#### What is required
From the records below, copy each line in which the string "Used" occurs.

#### Brief descriptive captions
★ ★ ★ ★ ★ ★ ★

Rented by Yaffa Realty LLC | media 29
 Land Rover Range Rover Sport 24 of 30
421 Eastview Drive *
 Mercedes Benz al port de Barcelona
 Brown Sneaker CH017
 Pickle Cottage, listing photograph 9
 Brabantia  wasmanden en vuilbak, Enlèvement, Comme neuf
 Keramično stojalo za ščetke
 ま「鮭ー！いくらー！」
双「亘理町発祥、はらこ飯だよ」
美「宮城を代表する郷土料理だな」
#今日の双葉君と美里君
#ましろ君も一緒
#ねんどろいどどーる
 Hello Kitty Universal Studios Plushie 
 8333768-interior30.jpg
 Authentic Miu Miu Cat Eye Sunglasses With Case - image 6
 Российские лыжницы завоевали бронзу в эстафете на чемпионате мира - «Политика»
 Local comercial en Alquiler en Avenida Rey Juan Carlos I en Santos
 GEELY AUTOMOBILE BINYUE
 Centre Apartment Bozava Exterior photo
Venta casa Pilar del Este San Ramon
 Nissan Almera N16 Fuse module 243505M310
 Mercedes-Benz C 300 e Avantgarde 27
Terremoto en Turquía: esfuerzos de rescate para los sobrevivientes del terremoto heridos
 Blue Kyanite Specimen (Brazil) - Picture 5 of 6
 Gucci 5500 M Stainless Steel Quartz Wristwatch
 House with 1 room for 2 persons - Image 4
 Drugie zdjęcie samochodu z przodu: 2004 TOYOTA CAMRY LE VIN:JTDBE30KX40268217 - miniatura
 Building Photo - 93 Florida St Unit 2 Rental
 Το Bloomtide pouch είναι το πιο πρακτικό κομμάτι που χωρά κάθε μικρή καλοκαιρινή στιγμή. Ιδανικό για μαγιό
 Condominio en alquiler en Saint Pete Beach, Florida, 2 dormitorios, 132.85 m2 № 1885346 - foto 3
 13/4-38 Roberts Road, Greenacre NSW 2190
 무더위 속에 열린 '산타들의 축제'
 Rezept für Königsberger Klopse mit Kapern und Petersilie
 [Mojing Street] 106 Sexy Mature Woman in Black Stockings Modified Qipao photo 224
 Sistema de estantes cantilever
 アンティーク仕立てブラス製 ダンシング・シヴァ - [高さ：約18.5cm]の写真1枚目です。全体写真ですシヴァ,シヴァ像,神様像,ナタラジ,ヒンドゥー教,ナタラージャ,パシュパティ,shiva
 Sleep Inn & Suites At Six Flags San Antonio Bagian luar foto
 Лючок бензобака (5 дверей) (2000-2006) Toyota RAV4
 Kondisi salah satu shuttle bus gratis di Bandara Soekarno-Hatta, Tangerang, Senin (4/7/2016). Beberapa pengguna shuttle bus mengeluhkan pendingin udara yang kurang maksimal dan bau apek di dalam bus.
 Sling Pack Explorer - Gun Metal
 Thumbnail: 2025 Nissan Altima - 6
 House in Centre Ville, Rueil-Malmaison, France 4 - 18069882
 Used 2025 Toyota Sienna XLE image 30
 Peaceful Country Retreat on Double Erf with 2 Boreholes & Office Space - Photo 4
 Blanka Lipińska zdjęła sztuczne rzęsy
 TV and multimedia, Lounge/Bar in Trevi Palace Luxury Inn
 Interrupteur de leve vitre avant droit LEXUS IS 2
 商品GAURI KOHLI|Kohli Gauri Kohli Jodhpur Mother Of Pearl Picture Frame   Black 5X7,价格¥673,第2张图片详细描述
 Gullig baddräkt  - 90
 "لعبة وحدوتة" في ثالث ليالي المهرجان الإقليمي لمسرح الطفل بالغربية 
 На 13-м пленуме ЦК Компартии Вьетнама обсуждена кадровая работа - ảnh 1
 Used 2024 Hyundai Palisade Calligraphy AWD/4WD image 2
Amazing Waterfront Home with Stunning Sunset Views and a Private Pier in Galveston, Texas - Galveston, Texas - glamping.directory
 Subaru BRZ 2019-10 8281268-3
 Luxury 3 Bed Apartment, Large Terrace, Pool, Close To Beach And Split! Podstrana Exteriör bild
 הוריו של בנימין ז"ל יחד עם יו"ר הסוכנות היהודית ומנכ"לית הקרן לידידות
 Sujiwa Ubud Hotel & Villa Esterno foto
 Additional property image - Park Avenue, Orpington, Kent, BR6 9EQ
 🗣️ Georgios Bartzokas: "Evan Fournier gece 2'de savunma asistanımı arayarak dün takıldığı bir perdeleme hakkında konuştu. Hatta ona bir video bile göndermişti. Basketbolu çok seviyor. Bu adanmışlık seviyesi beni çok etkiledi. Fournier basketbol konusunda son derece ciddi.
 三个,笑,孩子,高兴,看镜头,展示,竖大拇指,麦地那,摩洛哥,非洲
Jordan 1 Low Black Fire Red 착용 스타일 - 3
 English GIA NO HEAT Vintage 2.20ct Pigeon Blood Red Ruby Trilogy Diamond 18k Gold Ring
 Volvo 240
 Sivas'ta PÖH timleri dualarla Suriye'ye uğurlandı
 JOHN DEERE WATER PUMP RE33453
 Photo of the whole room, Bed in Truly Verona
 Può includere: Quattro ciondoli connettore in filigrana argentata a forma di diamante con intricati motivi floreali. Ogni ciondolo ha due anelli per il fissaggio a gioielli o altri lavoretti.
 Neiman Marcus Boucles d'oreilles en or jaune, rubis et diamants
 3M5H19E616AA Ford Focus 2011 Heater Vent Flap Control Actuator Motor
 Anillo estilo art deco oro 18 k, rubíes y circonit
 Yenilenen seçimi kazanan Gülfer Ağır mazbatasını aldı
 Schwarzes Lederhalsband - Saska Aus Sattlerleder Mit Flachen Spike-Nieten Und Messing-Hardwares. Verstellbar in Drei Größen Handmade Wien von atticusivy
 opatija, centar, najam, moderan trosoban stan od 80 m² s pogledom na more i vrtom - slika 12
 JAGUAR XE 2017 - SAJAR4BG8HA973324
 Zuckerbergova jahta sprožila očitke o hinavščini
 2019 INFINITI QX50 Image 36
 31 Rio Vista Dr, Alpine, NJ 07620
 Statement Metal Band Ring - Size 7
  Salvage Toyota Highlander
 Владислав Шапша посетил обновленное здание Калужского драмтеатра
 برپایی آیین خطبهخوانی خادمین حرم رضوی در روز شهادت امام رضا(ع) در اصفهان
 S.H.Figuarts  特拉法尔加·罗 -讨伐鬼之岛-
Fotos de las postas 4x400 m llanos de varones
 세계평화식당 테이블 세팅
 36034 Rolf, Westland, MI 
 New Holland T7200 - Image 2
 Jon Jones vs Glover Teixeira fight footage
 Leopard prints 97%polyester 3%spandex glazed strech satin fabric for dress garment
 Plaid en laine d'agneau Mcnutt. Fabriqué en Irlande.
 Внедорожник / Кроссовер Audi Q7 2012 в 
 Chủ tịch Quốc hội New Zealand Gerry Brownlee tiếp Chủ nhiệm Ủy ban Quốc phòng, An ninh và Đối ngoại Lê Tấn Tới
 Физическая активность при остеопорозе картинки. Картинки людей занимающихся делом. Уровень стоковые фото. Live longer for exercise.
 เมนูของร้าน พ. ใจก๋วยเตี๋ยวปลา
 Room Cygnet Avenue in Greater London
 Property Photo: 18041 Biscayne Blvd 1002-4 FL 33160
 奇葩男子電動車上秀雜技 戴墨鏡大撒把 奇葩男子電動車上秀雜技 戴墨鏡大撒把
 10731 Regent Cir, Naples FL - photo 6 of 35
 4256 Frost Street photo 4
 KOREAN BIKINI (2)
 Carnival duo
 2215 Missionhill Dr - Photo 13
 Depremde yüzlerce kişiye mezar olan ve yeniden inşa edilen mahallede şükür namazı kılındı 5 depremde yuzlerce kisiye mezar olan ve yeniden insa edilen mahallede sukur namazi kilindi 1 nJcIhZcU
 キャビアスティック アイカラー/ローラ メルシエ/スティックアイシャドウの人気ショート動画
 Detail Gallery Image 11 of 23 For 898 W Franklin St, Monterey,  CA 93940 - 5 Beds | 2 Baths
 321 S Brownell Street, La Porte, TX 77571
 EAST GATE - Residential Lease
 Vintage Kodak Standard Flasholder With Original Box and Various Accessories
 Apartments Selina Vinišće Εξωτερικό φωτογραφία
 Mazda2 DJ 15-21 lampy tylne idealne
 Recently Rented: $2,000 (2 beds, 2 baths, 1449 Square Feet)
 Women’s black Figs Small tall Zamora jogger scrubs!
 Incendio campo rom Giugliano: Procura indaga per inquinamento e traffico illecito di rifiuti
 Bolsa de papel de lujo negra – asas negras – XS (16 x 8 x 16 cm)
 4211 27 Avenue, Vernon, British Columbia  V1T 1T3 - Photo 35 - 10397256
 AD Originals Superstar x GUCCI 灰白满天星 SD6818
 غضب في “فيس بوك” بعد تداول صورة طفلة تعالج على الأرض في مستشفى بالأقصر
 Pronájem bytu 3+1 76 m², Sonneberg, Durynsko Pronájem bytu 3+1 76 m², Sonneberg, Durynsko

★ ★ ★ ★ ★ ★ ★

#### Task answer
 Used 2025 Toyota Sienna XLE image 30
 Used 2024 Hyundai Palisade Calligraphy AWD/4WD image 2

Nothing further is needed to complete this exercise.